The test script is just markdown

Here’s an abbreviated version of my ChatKit weather agent test:

 1
 2
 3
 4
 5
 6
 7
 8
 9
10
11
12
13
14
15
16
17
18
19
20
21
22
23
24
25
26
27
28
29
30
31
32
33
34
35
36
37
38
39
40
41
42
43
44
## Manual Test: ChatKit Weather Agent

### Prerequisites

1. Development server running at `APP_URL`
2. Weather Agent exists with `weather_mcp_server` tool configured
3. Valid admin credentials (`ADMIN_EMAIL` / `ADMIN_PASSWORD`)

### Test Script

#### 1. Login

1. Navigate to `APP_URL`
2. Login with admin credentials
3. Verify dashboard loads

#### 2. Navigate to Weather Agent Tasks

1. Go to Agents list
2. Find the Weather Agent
3. Click "Tasks" to open the ChatKit view

#### 3. Test Single Weather Query

1. In the chat input, type: `What's the weather in Toronto?`
2. Send the message
3. **Expected**:
   - A weather widget card renders with location, temperature, conditions
   - Assistant text response summarizing the weather

#### 4. Test Multiple Parallel Tool Calls

1. Type: `What's the forecast in Tokyo, Toronto, Dubai, and Damascus?`
2. Send the message
3. **Expected**:
   - 4 separate widget cards render (one per city)
   - Assistant provides a summary covering all locations

### Verification Checklist

- [ ] Login successful
- [ ] Single weather query returns widget + text
- [ ] Multiple cities query returns multiple widgets
- [ ] Follow-up questions maintain context

Prerequisites, steps, expected results, checklist. Human-readable. Agent-executable.

Self-healing during polish

Here’s where it got interesting.

A code review comment asked me to move some logic from one place to another. Standard refactoring. The agent made the change and updated the test suite to match. All tests passed.

But the manual test failed. The weather widgets weren’t rendering anymore.

Because the agent was the one running the verification, it immediately recognized the issue. It had just moved that code. It knew exactly what broke and why. It fixed the problem and re-ran the test. Green.

This is the loop I want: agent makes change, agent verifies change, agent fixes what it broke. I’m not the only one who knows if the feature works.

If you’ve written Cucumber specs, this will feel familiar

The structure is basically Cucumber with Selenium. Given/when/then, but in plain markdown instead of Gherkin. If you haven’t used Cucumber, think of any end-to-end test framework where you script browser interactions.

The difference is cost. Cucumber specs were expensive to write. You needed step definitions, page objects, careful CSS selectors. And they were brittle to run. A renamed class, a shifted layout, a slow network request, and your suite is red for reasons that have nothing to do with your code.
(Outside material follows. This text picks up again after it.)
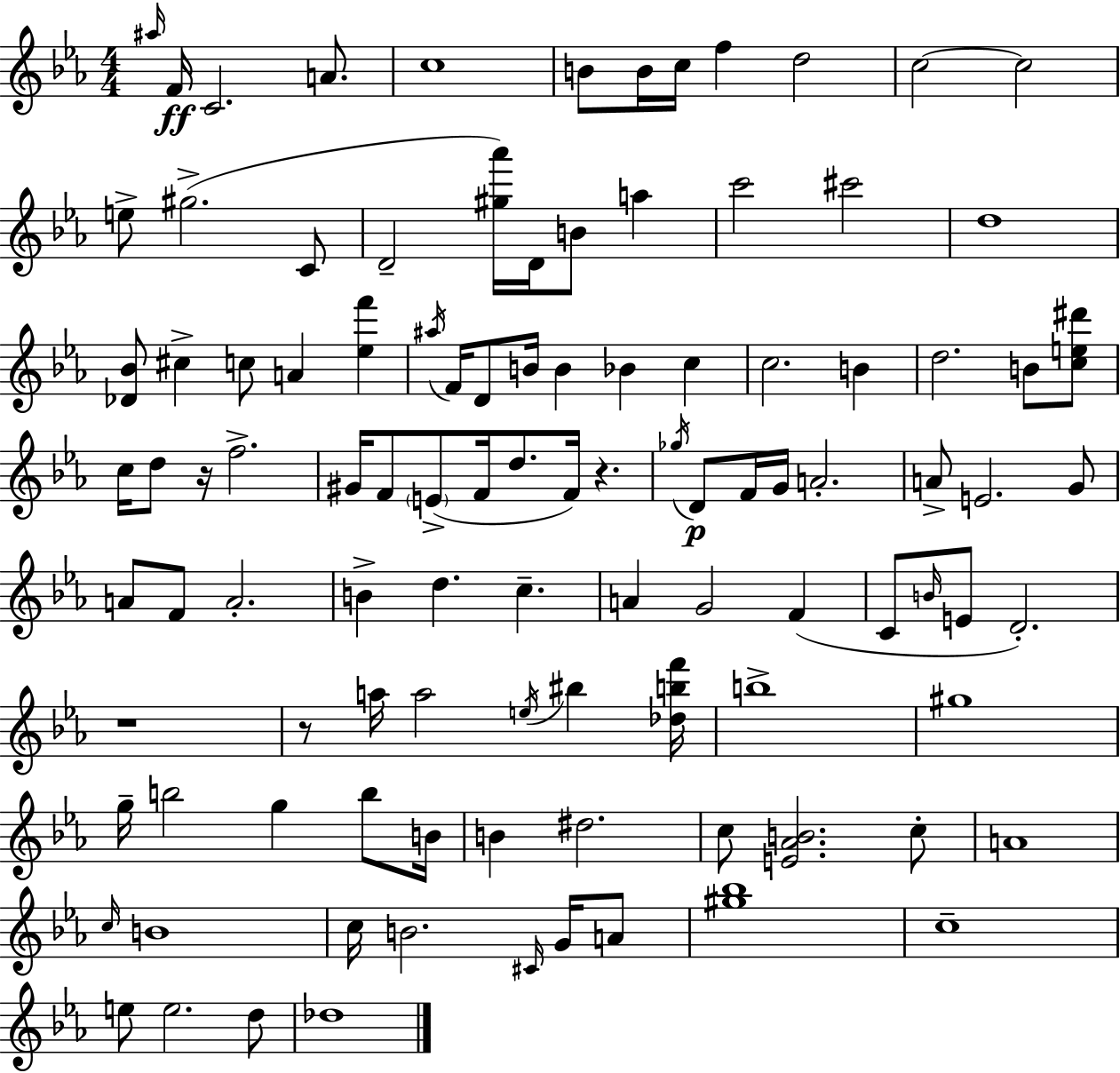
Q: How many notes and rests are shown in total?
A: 105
These markdown specs are cheap to write. You describe what a human would do, and the agent figures out how to do it. No step definitions. No page objects. The agent reads the page, finds the element, clicks it.

They’re also more forgiving. If the button text changes from “Submit” to “Send,” a human following the script would adapt. So does the agent.

Practical caveats

Playwright MCP is token-heavy. Every snapshot, every page state, adds to your context. Two suggestions:

Use a cheaper model for verification. Running a manual test doesn’t require deep reasoning. It’s following a script. Sonnet or Haiku (Anthropic’s faster, cheaper models) will do the job at a fraction of the cost.
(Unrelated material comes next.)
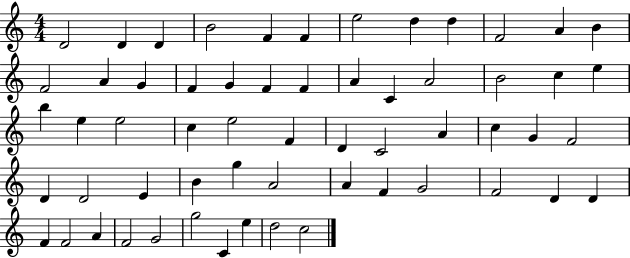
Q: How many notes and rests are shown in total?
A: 59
Run verification in a separate context. Don’t bloat your main task’s context with Playwright output. Spawn a subagent or use a dedicated session for test runs. Your implementation context stays clean; your verification context can be disposable. I discussed this trade-off in Setting Agents Up to Succeed.
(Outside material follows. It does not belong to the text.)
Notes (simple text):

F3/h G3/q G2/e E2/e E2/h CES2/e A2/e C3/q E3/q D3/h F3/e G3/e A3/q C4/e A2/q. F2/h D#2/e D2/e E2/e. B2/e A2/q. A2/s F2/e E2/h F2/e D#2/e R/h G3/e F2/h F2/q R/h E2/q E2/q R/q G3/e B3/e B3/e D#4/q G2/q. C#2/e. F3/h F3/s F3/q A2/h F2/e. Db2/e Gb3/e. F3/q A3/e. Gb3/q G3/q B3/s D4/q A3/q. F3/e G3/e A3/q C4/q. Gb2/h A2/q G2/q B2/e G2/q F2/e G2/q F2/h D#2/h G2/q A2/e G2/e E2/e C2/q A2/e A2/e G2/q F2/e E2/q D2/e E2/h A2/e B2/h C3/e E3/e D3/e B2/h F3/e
Get the manual testing script firmed up early

Here’s the tip: once you’re happy with your end-to-end result, write the manual test script as soon as possible.

Before you have it, you’re the only oracle. You’re the only one who can verify the feature actually works. Every code review change, every refactor, you’re back in the browser clicking through flows.

After you have it, the agent can self-verify. You can hand off the tedious work and trust that the agent will catch regressions.

The test suite tells you if the code runs. The manual test tells you if the feature works.

The investment is a few markdown files. The payoff is an agent that catches its own regressions before you have to.